NBlog May 24 - the risk of false attribution

News relating to the WannaCry incident is still circulating, although a lot of what I'm reading strikes me as perhaps idle speculation, naive and biased reporting, politically-motivated 'fake news' or simply advertising copy.

Take for instance this chunk quoted from a piece in Cyberscoop under the title "Mounting evidence points to North Korean group for global ransomware attack":
"In the aftermath of a global ransomware attack, which impacted more than 300,000 computers in over 150 countries, a small, select group of security researchers announced they had found evidence suggesting a group previously linked to the North Korean government was likely behind the international cyber incident.
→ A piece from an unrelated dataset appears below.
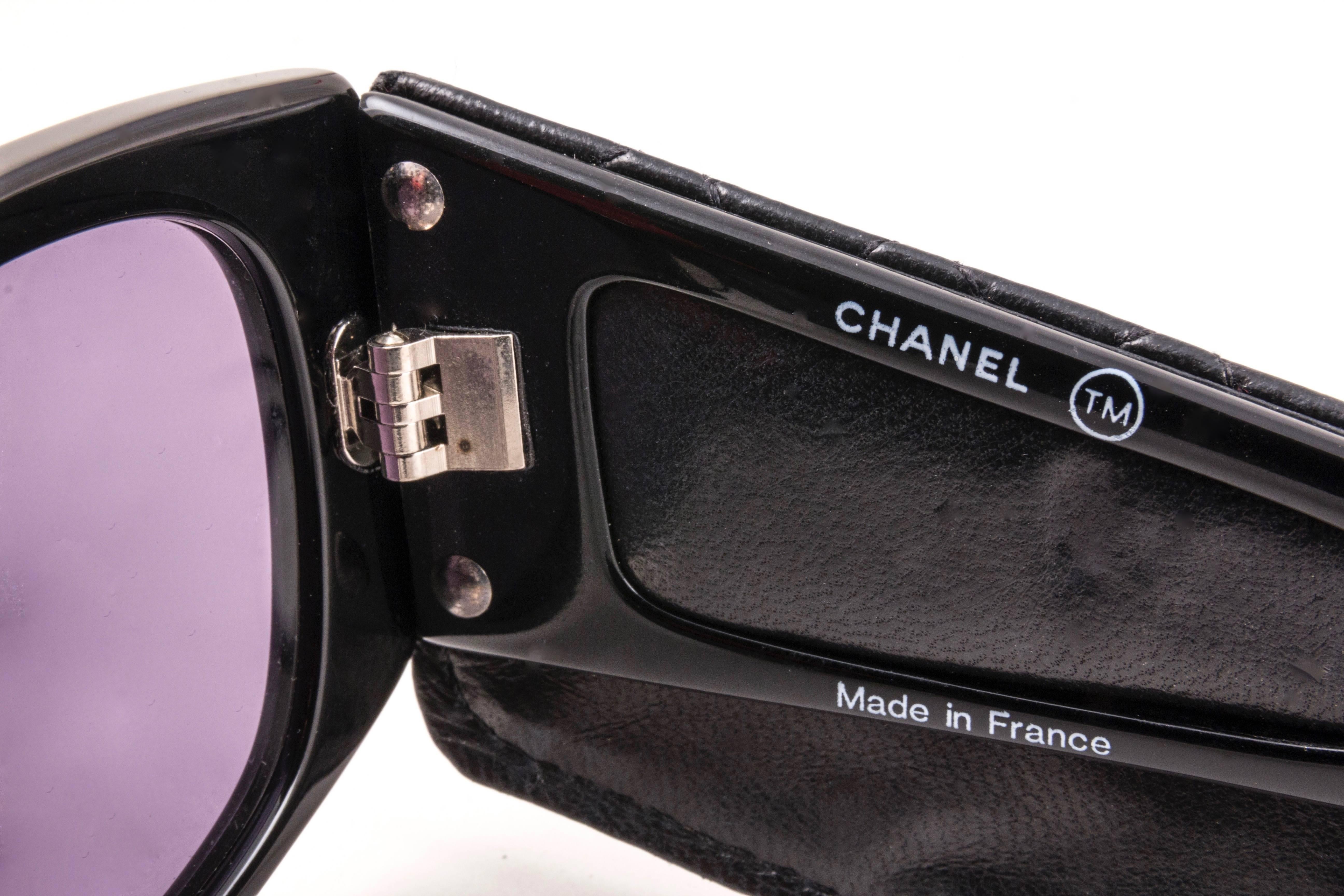New Vintage Chanel Black Quilted Sides 1988 Sunglasses Made In France In New Condition In Baleares, Baleares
Their theory gained new found credibility Monday when U.S. cybersecurity firm Symantec said it too discovered “strong links” between WannaCry ransomware and the so-called Lazarus Group."
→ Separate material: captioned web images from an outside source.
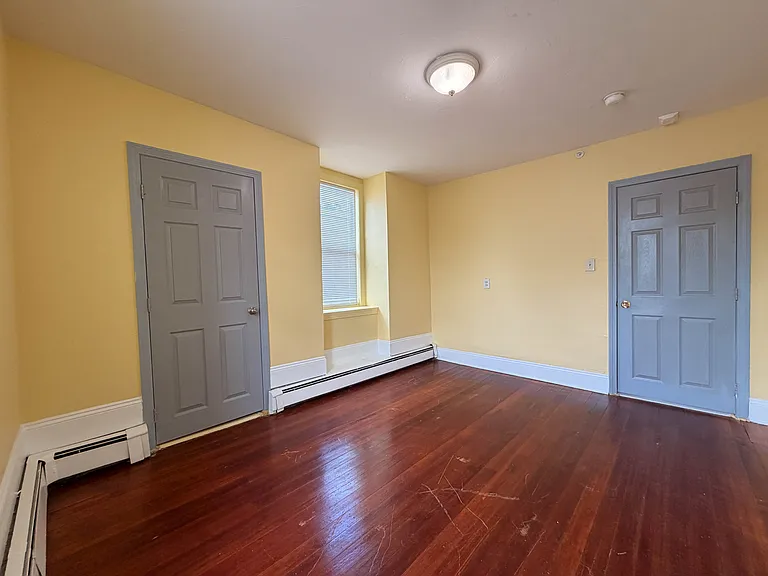 560 Broad St #2 — Photo 32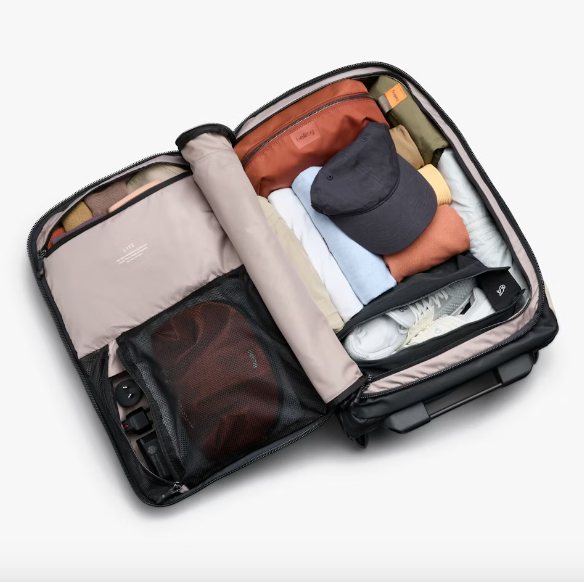 Bellroy Lite Carry-On - Black - Stencil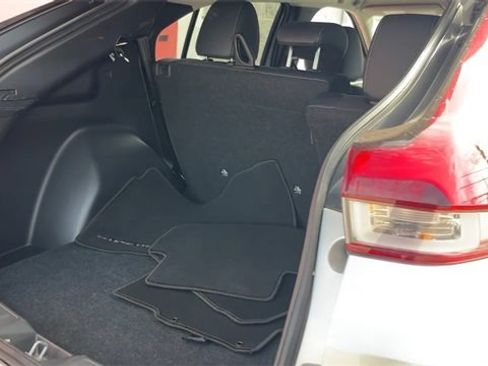 Used 2024 Mitsubishi Eclipse Cross SE image 21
Cybersecurity incidents such as WannaCry are often blamed on ("attributed to") certain perpetrators according to someone’s evaluation of evidence in the malware or hacking tools used, or other clues such as the demands and claims made. However the perpetrators of illegal acts are (for obvious reasons) keen to remain undercover, and may deliberately mislead the analysts by seeding false leads. Furthermore, attacks often involve a blend of code, tools and techniques from disparate sources, obtained through the hacking underground scene and used or adapted for the specific purpose at hand. 

It's a bit like blaming the company that made the nails used in the Manchester bombing for the attack.  No, they just made the nails.